There are many options available to you once the cards have been dealt. Your decisions over time will be the ultimate decider of whether you win a fortune or lose your shirt.
The player elects to “stand” with the current total and not to draw any additional cards. If you are in a game where the cards are dealt face-down, you slip your cards under your chips. The dealer will understand the message. If you are in a face-up game, wave your hand back and forth in a wiping motion just above your cards, which is the signal for standing. All casinos insist on some form of hand signal; verbal statements are not accepted. Casinos can get rather noisy, and it is easy for a dealer to mishear a player. Also, the cameras hidden in the casino’s ceilings can be used to resolve disputes only if hand signals are used, since they do not have an audio component.
The player elects to draw an additional card or cards. If you are in a face-down game, draw your cards toward you with a quick scratching motion against the felt once or twice. In a face-up game, make a similar motion with your fingertips or, preferably, point to your cards with your index finger.
If your first two cards are of the same value, you may split them and play each as a separate hand. To indicate a desire to split your cards, place an additional wager equivalent to the original one to the side of it. If you are playing in a face-down game, you must expose your cards. After splitting a pair, various other options become available. You can re-split if a third like-valued card appears. Or you can double down on the split hands should an appropriate card be drawn. For example, if you have split 8’s and catch a three on the first 8, you may now double down on this total of 11. Both re-splitting and doubling and doubling down after a split are to the player’s advantage.
The player may double the size of the original bet and elect to draw only one additional card. The typical doubling situation is where you have a hand that stands a chance of becoming a very good hand with one additional card; for example, your first two cards total 10 or 11. To indicate a double down bet, slide the second wager to the side of the original bet. This wager may be as much as but no more than your original bet. If you are playing in a face-down game, you must expose your cards. Virtually all casinos permit doubling on 11 and 10; most on 11, 10, and 9, and many will allow it on any two cards. The latter rule is the most advantageous to the player.
When the dealer shows an A, players are given the option of taking insurance against the dealers’ having blackjack. Calling this “insurance” is a bit misleading. It is nothing other than a side bet that is paid at 2 to 1. If you wish to take insurance (which is only recommended in very specific circumstances recognizable by an expert card counter only), place a bet equal to half your original bet in the semicircle running just in front of your betting spot. If the dealer has blackjack, you will lose your original bet but win the insurance wager and break even on the hand. If the dealer does not have blackjack, you will lose the insurance bet, and the hand will be played out normally.
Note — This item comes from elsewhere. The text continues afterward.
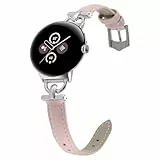 KoGiio Leder Armband Kompatibel mit Google watch 3 41 mm/Google watch 2 / Google watch, Damen Frauen Armbänder Uhrenarmband für Google watch 2, D-förmiger Metallschließe Rosa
If your hand looks particularly unpromising against the dealers’ exposed card, you have the option of surrendering half of your bet and retiring from the hand. For example, should you have 9, seven against a dealer 10 and your chances of winning the hand are slim — fewer than.5 — and it would be to your advantage to give up half your bet. There are to forms of surrender: “late” and “early.” In the late form, the player may surrender after the first two cards provided that the dealer does not have blackjack. In early surrender, the player may surrender after the first two cards even when the dealer is later revealed to have blackjack. Both forms of surrender are to the players’ advantage, with early surrender being most beneficial. Not all casinos permit late surrender, and those that do don’t necessarily post it at the tables. Except for the occasional promotion, no casino offers early surrender any longer.
Surrender, by the way, is the only play at the table that re-quires a verbal response; there is no hand signal. If you wish to surrender your hand, just say “Surrender.” The dealer will remove half your bet and return the other half.